Our ticks Observable is unicast because RxJs Observables are unicast by default. Thus, each websocket connection starts its own timer by calling ticks.subscribe. The ticks counted by one session are not the same ticks counted by another session.

Depending on the number of concurrent connections, it might be okay for each session to start its own timer. But I don’t want each session to poll the MTA feeds independently. That would consume more bandwidth than necessary and, given enough concurrent connections, might amount to a DDoS attack on the MTA.

Fortunately, it is possible to create a multicast Observable. Multicast Observables share a single stream of values with all Observers. Observers receive only the values produced after they have subscribed. Unicast and multicast Observables have different use cases.1 Here, a multicast Observable enables us to produce new data once for all consumers of that data.

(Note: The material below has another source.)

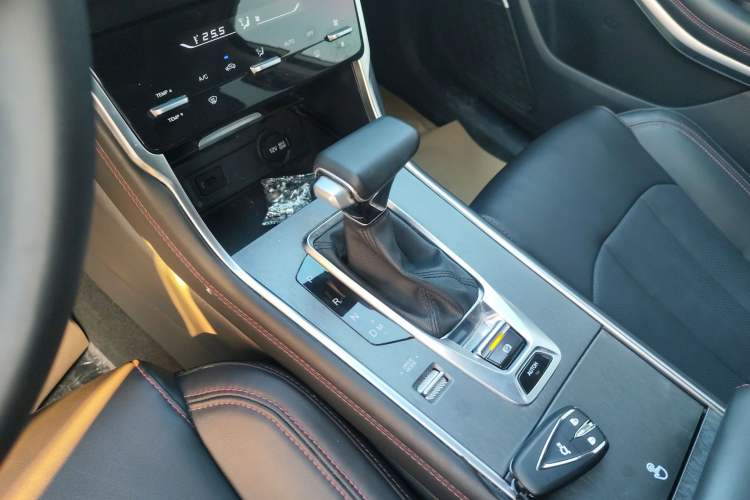 Used Changan CS75 2023 Enjoy Edition 1.5T DCT Luxury Version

const Rx = require(`rxjs`);
const { multicast, scan } = require(`rxjs/operators`);
const WebSocket = require(`ws`);

const ticks = Rx.timer(0, 1000).pipe(multicast(new Rx.Subject()));

const server = new WebSocket.Server({ port: 80, });

const add = n1 => n2 => n1 + n2;

const startSession = (ticks) => (websocket) => {
  emitter.on(`data`, (data) => {
    const ticksCount = ticks.pipe(scan(add(1), 0));

    ticksCount.subscribe({
      next: (count) => {
        websocket.send(count);
      },
    });
  });
};

server.on(`connect`, startSession(ticks));

All that is left for me to do is replace timer with a stream of MTA feed updates and replace add with a function that reduces the stream to a history of train locations.

V. Practically speaking

Observables are a central component of functional reactive programming (FRP). The vocabulary of FRP often sounds overwhelmingly technical. Perhaps that technical language has hidden some useful ideas from programmers who have a need to use them. I hope I have revealed a little of that usefulness.

Notes

  1. ^ tc39/proposal-observable: "Discussion: Multicast vs. Unicast"